Nocne przymrozki zapowiadało wczorajsze czerwone słońce, z pięknym widokiem nieba.
To fajnie ,ze u Ciebie nie ma szkód z powodu przymrozku ,ja juz magnolię przebolałam w zasadzie była już po kwitnieniu ale jeszcze miała paczki w rozkwicie................trudno .
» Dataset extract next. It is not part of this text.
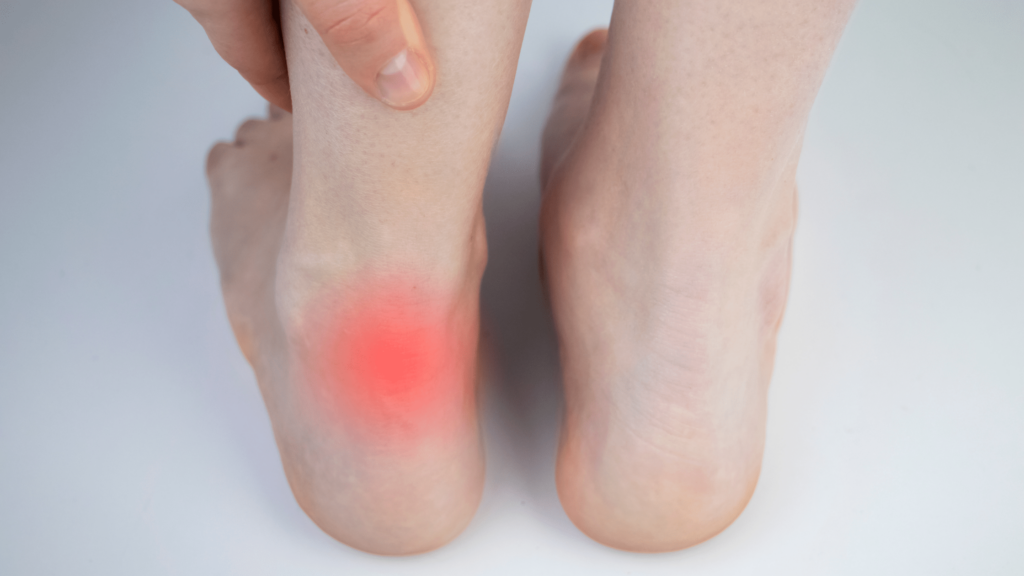 shockwave therapy for achilles tendonitis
Co do zmian to wiesz sama że O działa na wszystkich,ale na pewno nie będą to jakieś radykalne zmiany
Nie płacz za magnolia bo za rok bedzie wieksza i znów zakwitnie. Rosseum rośnie dobrze i jest odporne wiec jak piszesz od przybytku głowa nie boli a nawet radosc jest tym bardziej ze ładne i zdrowe i jeszcze tanie . Jesli masz miejsce to posadz koło siebie , bedzie wrazenie olbrzymiego krzaka.Żurawie nawet z odlegosci miło jest ogladac wiec ciesz sie ich obecnoscia bo mało kto ma takie możliwosci a gdyby sie dało to rób zdjęcie to i ja sie ucieszę.Już raz wstawiła ich zdjecia Nikita ale chętnie i inne zobacze bo to cudne ptaki.Pozdrówka.